— Task data —

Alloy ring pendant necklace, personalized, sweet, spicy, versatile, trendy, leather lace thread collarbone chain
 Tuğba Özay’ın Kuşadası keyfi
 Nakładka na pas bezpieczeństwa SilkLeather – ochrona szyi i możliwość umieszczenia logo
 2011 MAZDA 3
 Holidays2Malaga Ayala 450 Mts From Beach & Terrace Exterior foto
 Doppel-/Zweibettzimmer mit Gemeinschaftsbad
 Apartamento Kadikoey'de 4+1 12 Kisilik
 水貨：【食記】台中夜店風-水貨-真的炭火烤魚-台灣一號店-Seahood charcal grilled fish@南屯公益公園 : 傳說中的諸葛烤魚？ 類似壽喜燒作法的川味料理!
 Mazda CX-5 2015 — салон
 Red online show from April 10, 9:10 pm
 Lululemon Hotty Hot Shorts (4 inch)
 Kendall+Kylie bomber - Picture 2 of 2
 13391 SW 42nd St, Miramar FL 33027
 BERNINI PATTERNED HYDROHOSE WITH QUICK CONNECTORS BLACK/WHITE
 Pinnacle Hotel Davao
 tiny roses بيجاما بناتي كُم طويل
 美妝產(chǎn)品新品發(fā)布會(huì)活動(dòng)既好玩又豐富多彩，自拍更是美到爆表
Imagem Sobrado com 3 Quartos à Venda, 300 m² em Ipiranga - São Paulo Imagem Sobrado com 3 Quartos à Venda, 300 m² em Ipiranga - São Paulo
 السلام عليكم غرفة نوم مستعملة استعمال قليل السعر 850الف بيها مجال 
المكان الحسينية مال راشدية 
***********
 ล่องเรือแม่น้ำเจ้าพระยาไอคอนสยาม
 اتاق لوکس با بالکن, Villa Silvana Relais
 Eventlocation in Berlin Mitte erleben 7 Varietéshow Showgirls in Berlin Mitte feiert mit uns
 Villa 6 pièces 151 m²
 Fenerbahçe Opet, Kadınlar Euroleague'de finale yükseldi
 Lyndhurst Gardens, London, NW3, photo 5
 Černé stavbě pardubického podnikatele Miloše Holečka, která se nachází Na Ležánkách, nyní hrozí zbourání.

— What you need to do —
Copy the stretch of the records above that runs from the line with "São Paulo Imagem" through the line with "اتاق لوکس با بالکن, Villa Silvana Relais". Both end lines belong in the copy, and nothing else does.

— Result for this task —
Imagem Sobrado com 3 Quartos à Venda, 300 m² em Ipiranga - São Paulo Imagem Sobrado com 3 Quartos à Venda, 300 m² em Ipiranga - São Paulo
 السلام عليكم غرفة نوم مستعملة استعمال قليل السعر 850الف بيها مجال 
المكان الحسينية مال راشدية 
***********
 ล่องเรือแม่น้ำเจ้าพระยาไอคอนสยาม
 اتاق لوکس با بالکن, Villa Silvana Relais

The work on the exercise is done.